Museu do Prado, legendário templo da arte, faz 200 anos

Inaugurado em 1819, o Prado é um dos museus mais famosos do mundo – e um dos mais visitados. Em 19 de novembro de 1819, foi inaugurado com o nome oficial Museu Real de Pintura y Escultura. As obras dos séculos 19 e 20 deixaram o museu em 1971, tornando esse templo da arte acima de tudo um centro de obras de grandes mestres antigos.

Nudez de Goya

A arte espanhola foi naturalmente o foco das atenções desde o início. A pintura de Francisco de Goya A Maja Nua foi pintada entre 1795 e 1800. A obra causou um escândalo. A Inquisição espanhola quis saber de Goya quem encomendou o trabalho. Não se sabe o que ele respondeu, mas mesmo assim teve revogado o título de pintor da corte. Hoje, a pintura atrai multidões ao Prado.

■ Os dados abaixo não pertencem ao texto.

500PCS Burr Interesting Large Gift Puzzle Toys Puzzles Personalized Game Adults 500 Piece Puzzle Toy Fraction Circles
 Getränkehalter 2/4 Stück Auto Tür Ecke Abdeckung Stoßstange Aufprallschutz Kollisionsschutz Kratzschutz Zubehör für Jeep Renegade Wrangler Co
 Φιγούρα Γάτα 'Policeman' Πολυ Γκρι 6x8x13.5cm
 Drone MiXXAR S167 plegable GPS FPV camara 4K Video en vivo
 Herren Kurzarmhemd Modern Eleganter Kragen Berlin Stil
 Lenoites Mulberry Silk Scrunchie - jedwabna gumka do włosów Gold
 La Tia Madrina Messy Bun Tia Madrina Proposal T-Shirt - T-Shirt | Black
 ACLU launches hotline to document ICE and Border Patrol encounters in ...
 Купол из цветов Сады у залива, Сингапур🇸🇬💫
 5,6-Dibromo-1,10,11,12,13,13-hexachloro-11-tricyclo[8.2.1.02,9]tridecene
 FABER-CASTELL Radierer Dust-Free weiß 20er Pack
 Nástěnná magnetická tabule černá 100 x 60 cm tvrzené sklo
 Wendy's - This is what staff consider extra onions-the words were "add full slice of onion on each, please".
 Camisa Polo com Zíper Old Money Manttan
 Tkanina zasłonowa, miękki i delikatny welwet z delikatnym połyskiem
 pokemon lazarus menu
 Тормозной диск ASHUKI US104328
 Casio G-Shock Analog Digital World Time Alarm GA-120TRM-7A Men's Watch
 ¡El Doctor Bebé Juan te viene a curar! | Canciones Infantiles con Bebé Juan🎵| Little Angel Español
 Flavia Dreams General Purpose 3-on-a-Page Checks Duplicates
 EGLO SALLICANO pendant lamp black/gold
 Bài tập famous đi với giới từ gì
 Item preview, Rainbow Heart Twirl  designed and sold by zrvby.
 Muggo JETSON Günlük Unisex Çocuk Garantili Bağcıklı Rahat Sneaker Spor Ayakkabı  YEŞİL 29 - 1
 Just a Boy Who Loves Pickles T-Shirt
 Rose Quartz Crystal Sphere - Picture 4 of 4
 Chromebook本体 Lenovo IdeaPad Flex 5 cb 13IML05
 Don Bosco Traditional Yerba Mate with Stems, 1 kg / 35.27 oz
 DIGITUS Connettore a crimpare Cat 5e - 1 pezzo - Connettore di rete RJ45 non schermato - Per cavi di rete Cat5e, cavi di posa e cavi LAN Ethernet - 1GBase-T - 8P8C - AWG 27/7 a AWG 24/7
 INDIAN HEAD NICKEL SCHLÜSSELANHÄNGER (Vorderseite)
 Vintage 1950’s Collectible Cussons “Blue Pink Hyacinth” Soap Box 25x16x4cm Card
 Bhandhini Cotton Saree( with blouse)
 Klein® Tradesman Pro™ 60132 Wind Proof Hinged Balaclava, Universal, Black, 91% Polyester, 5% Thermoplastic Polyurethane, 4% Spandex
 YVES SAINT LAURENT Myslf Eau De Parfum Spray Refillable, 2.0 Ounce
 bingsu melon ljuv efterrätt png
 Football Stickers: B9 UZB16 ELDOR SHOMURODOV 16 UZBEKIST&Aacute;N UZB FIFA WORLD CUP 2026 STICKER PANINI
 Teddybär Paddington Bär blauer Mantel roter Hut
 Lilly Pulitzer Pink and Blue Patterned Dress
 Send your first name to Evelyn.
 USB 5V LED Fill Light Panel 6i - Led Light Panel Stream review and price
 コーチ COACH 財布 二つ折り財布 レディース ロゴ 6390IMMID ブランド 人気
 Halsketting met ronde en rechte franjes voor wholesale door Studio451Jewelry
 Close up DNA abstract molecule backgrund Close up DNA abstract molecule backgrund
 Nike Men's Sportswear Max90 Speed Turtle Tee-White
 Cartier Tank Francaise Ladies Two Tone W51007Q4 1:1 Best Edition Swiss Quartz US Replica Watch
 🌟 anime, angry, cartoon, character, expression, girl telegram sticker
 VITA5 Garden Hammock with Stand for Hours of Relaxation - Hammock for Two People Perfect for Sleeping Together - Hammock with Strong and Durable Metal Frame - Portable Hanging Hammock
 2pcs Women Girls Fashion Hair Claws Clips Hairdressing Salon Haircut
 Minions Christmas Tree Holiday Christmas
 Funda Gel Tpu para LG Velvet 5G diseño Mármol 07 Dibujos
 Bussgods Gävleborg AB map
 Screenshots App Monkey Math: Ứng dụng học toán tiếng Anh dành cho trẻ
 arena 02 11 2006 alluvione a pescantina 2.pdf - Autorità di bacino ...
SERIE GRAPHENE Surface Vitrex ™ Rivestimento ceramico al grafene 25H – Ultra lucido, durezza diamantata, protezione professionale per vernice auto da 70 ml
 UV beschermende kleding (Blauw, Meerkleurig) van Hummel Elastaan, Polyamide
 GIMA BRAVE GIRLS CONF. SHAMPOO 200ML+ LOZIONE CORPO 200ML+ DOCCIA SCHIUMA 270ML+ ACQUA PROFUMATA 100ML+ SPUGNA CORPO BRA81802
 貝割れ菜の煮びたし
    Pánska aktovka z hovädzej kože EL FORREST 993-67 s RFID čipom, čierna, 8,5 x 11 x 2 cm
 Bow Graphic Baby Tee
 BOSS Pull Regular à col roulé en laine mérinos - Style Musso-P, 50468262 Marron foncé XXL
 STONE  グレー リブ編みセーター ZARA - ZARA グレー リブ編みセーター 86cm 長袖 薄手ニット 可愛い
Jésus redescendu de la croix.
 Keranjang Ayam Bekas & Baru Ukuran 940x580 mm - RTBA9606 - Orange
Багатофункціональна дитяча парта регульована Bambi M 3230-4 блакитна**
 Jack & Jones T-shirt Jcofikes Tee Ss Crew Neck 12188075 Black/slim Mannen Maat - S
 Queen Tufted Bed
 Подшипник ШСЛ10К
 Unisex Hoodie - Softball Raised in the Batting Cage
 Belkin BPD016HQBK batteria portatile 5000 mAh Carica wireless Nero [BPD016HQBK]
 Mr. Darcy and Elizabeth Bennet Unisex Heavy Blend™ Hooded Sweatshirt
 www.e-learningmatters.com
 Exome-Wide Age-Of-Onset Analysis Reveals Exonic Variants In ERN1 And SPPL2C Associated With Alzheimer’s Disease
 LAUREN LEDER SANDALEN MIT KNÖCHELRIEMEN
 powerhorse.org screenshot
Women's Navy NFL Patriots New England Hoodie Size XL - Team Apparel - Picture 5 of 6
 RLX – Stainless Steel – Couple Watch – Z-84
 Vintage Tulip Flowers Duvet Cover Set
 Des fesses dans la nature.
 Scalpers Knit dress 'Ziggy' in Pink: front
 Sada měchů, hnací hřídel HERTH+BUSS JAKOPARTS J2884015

Velásquez e a família real

Várias obras do espanhol Diego Rodriguez de Silva y Velásquez também podem ser encontradas no Prado. A mais importante e famosa é As meninas (aqui um excerto), de 1656. A obra entrou para a história da arte por refletir o ato de pintar. O próprio Velásquez pode ser visto à esquerda com um pincel.

Nudez de Dürer

Hoje, a coleção de pinturas do Prado inclui milhares de quadros. O núcleo espanhol foi ampliado, com obras da Holanda, França, Itália, Inglaterra e dos países de língua alemã. Uma das mais famosas é Adão e Eva (1507), pintada sobre madeira, mostrada aqui após uma trabalhosa restauração.

Visões de Botticelli

Uma obra-prima da pintura italiana no Prado é História de Nastagio – Parte 1 de Sandro Botticelli (aqui um excerto). A pintura Encontro com os amaldiçoados na floresta de pinheiros remonta ao livro Decameron, de Giovanni Boccaccio, e mostra uma mulher sendo perseguida por cães e homens. A obra é do final do século 15.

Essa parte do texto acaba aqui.